トムプロジェクト

2020/01/30
【第1302回】

一昨日、第54回紀伊国屋演劇賞の授賞式が紀伊国屋ホールでありました。トム・プロジェクトでも作、演出、出演をしていただいている劇団桟敷童子が団体賞。これまでに3度、トムの舞台に出演の村井國夫さんが個人賞を受賞。おいらにとっても嬉しい一日になりました。劇団桟敷童子は創立20周年での受賞。劇団員全員で大道具、小道具、衣装を創り上げ、地道に名もなき人たちを軸に据えドラマを紡ぎ、最後の大掛かりな屋台崩し的な仕掛けで観客の心を鷲掴みする稀有な劇団。おいらはすっかりファンになりました。まさしく、演劇の原点を思わせてくれる作り方に魅せられ、応援したくなっちゃいます。主宰者の東憲司さんが「劇団員全員、歳を重ね心身とも疲労困憊...いつまでやれるかなと思ってる矢先の受賞、これを励みになんとか頑張ります!」と受賞の挨拶で述べていました。確かに劇団を維持することは困難を極めますが、この劇団の芝居はいつまでも見続けたいという多くのファンがいるのでなんとか頑張って欲しいと思います。

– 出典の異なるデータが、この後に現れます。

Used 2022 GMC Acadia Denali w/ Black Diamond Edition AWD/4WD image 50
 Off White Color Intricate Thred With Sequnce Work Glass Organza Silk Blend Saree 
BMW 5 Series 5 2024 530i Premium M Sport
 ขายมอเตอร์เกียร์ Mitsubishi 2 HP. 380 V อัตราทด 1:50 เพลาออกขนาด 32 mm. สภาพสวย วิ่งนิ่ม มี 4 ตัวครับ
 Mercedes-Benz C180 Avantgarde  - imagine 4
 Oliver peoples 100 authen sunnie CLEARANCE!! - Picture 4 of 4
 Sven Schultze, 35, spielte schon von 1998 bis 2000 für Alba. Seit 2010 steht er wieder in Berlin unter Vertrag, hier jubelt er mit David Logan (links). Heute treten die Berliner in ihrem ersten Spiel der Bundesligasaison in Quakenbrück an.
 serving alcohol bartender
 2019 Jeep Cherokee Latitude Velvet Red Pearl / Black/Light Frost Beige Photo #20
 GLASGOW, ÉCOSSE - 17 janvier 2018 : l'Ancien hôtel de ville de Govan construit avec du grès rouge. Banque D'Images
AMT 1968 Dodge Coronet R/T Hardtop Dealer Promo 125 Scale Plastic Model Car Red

村井國夫さんは芝居を始めて54年、勿論、ほかの受賞はあるのですがこの歴史ある紀伊国屋演劇賞は本当に嬉しいとのこと。舞台人にとってのこの賞の重みを感じます。今回の受賞は奇しくも劇団桟敷童子「獣唄」出演での受賞。しかも心筋梗塞に襲われ途中降板での受賞だけに本人もびっくりされたのではないかと思います。大ベテランの村井さんも桟敷童子のファンであり初めての参加。ピュアな劇団員に刺激され、新たな役者魂がめらめらと沸き上がったに違いない。

何も賞を目指して芝居やってるわけじゃございませんが、何かの弾みになることは間違いないようです。振り返れば2008年に第43回紀伊国屋演劇賞団体賞を受賞したトム・プロジェクト、よしゃ!もうちょっとやってやろうじゃないか...と思い直して、12年が経ちましたとさ。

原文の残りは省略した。